Unfortunately, you have to wake up sometime.
Exclusive of annoying alarm clocks and wailing babies, there are pleasant ways to be awakened from your slumber and downright groan-worthy ways.
Top Ten Worst Ways To Be Woken Up:
- Hearing a crash from somewhere in the house.
- The sound of a child vomiting.
- A phone ringing at 3 a.m.
- Dogs barking, cats screeching, children arguing.
- Smelling smoke.
- A cry of, "Will you please wipe my bottom?"
- The aroma of your spouse's waking wind.
- Two words: leg cramp.
- The feeling of your partner's "morning glory" against your back.
- Sloppy wet kisses from your pet.
- Hearing birds singing.
- The sound of silence.
- The expectation of a fun event/girls' lunch/ball game/vacation.
- A beautiful sunrise.
- The gentle pitter-patter of rain on the roof.

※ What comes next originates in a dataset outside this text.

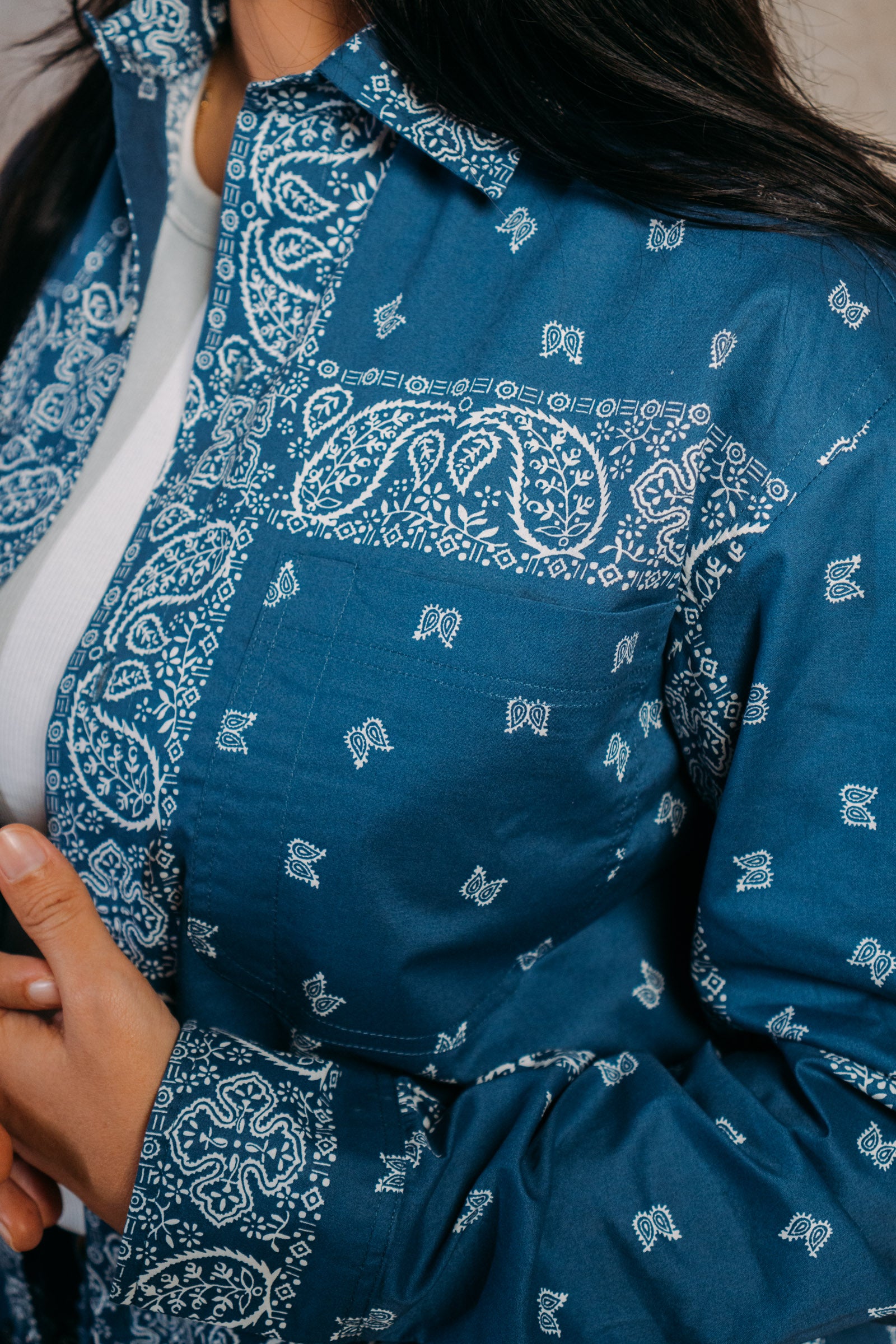 Sunday Morning Shirt 'Blue Paisley'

- A cry of, "Mom, Publisher's Clearinghouse is at the door!"
- The aroma of your favorite brew
- Three words: breakfast in bed.
- The feeling of your toddler's arms around your neck.
- Sloppy wet kisses from your children.
“I love sleep. My life has the tendency to fall apart when I'm awake, you know?”
Yes, I know, Ernie.
(I'm thinking Ernest Hemingway was really a woman.)